SSS: The subject of art is important in the book—can you talk more about how you became inspired to write about art and its role in freedom, specifically Syrian freedom?
RR: When I lived in Syria, a friend of mine owned an Art gallery. There were so many talented young artists. But true art also necessitates freedom. And Graffiti is the ultimate form of artistic freedom because it’s out in the streets, for everybody to see. So graffiti did not exist in Syria before the revolution. And the fact that the revolution was ignited by an act of graffiti – and that graffiti and protest art became more commonplace during the entirety of theconflict is something I wanted to highlight. The character of Ramy is actually based on a real graffiti artist named Nour Hatem Zahra, who was nicknamed “Spray Man.”

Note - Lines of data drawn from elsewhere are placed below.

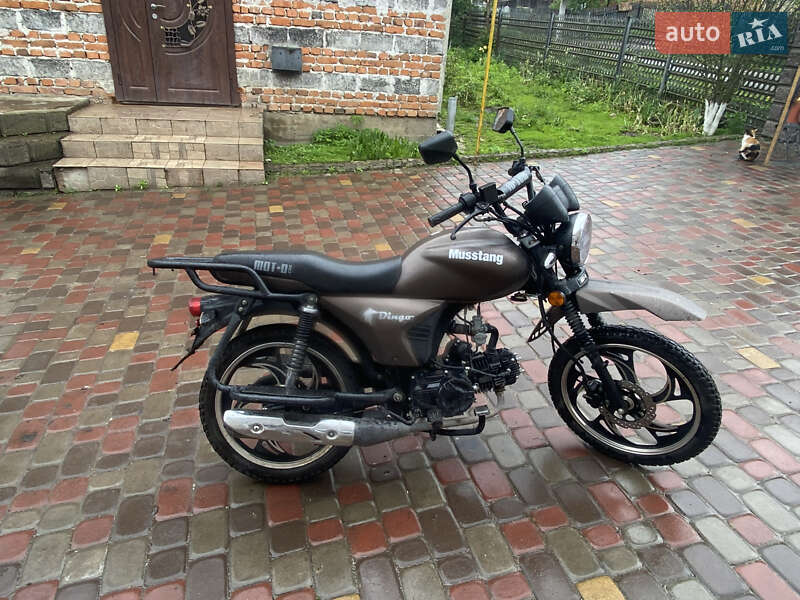 Мотоцикл Классик Musstang МТ125 (Dingo) 2020 в Подгайцах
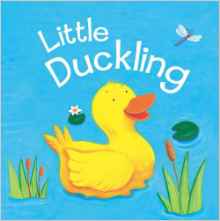 Touch and Feel Board: Little Duckling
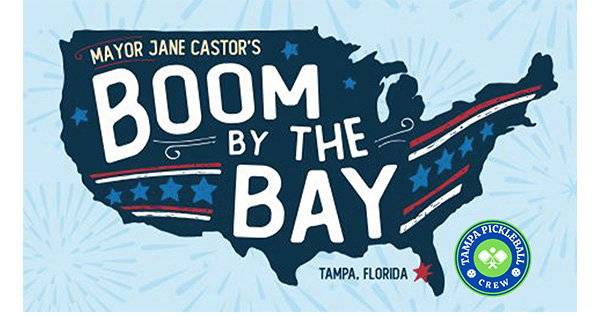 Boom by the Bay Pickleball Tournament with Tampa Pickleball Crew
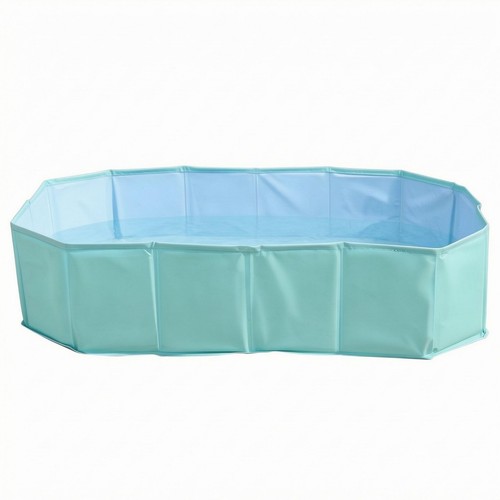 Foldable kiddie pool thickened - kiddie,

SSS: Diverse books are so important (and a passion of mine!). How does the Muslim Faith and Syrian Culture play a role in your book and in Kareem and Samira’s lives?
Their faith and their identities are everything to Kareem and Samira. Samira goes to the mosque with her family regularly. She’s Muslim and Syrian, there’s no doubt about that. The fact that she has to reconcile her outside world and her inside world at home is something she’s figuring it out. She’s not ashamed of who she is, but she likes keeping them separate. It feels neater, maybe easier that way. But you can’t keep different parts of yourself separate for too long. You’re a whole person and you have to bring different parts of you together in order to be your full, realized self.

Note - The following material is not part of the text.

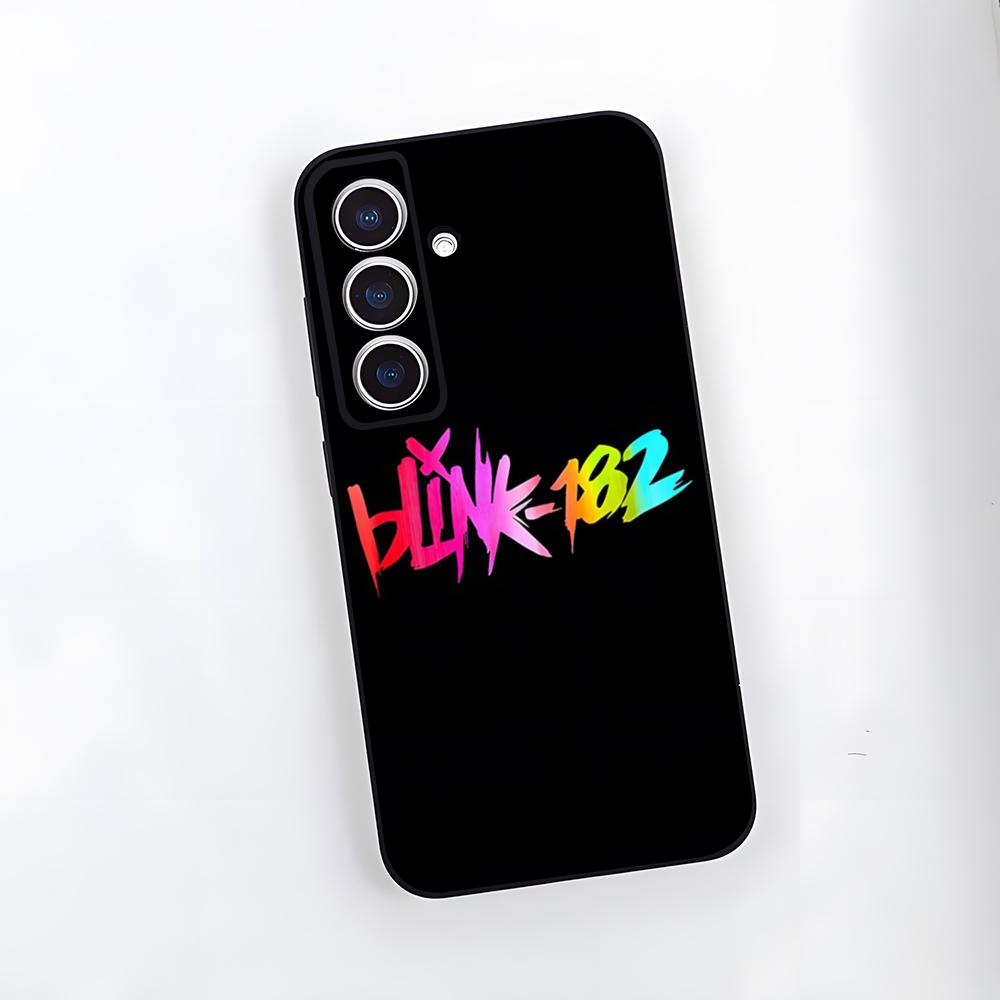Модный Чехол для Телефона Blink 182 Для Samsung A25 A13 A33 5G A54 A36 A35 A56 A52 A14 Ударопрочный Мягкий Чехол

Kareem is also obviously very Syrian, as he explores what it means to be Syrian when your country is changing. And he’s Muslim, even though he has stopped praying since he arrived in the United States. In his most painful moment, he pulls out his prayer rug, which has been in the closet since he arrival, and he gains a lot of comfort when he finally does pray and performs the act of sujud, which is when Muslims touch their forehead to the ground. It’s a moment when one completely submits to God, to something greater than oneself. For Kareem, it’s a moment when he realizes so much is out of his control. He must put his trust in something higher. It is the ultimate act of faith and I loved putting that vulnerable moment on the page.
SSS: My heart is just in love with your book! Will there be more Samira and Kareem in the future?

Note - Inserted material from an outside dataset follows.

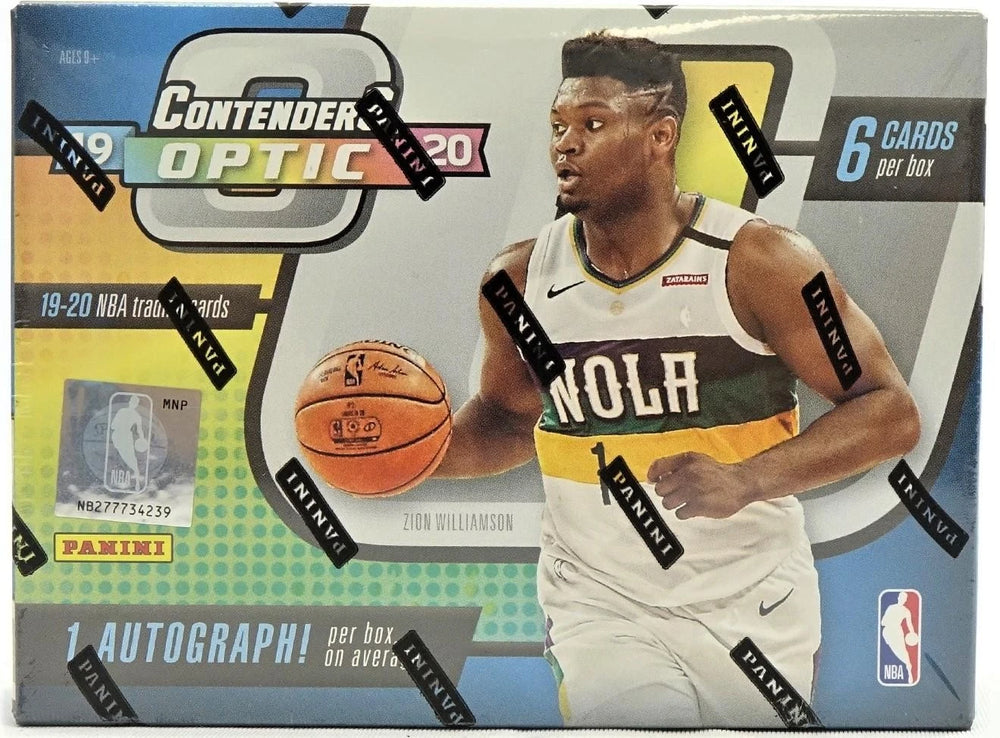 2019 2020 Panini Contenders Optic Basketball Hobby Box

RR: I don’t think so. I think another Samira and Kareem book would have to be YA novel. The next stage of the revolution is very different, and difficult. I don’t know if I want to write about that stage. It’s so painful. And so sad. That book would be a very, very different book.
SSS: Did your journalist background help you in writing TAGGING FREEDOM? How is being a journalist different or similar to writing middle grade?
RR: Definitely. I explained some of that above. I definitely took scenes directly from my own experiences as a journalist. And I thought of my many friends who were in the streets protesting at the time—or have had to leave the country for their own safety.
Writing for middle grade is so different. It was challenging. Journalists definitely tell – we’re not always given the space to “show” what is happening. So “the show, don’t tell” concept is not something we practice in daily journalism.
SSS: Any advice for fellow middle grade authors?
RR: I think the most important thing I did was find friends and a community of other writers. Do not write alone. The path is not easy. There are so many ups and downs. I got a lot of help from other Kidlit Author friends. So find your critique groups and writing partners. They are everything.
Thank you so much Rhonda for answering my questions! I hope everyone picks up a copy of your beautiful book.
About Rhonda Roumani
Rhonda Roumani is a Syrian American journalist who lived in Syria as a reporter for U.S. newspapers. She has written about Islam, the Arab world, and Muslim-American issues for more than two decades. Currently, she is a contributing fellow at the Center for Religion and Civic Culture at USC. Rhonda lives in Connecticut with her family.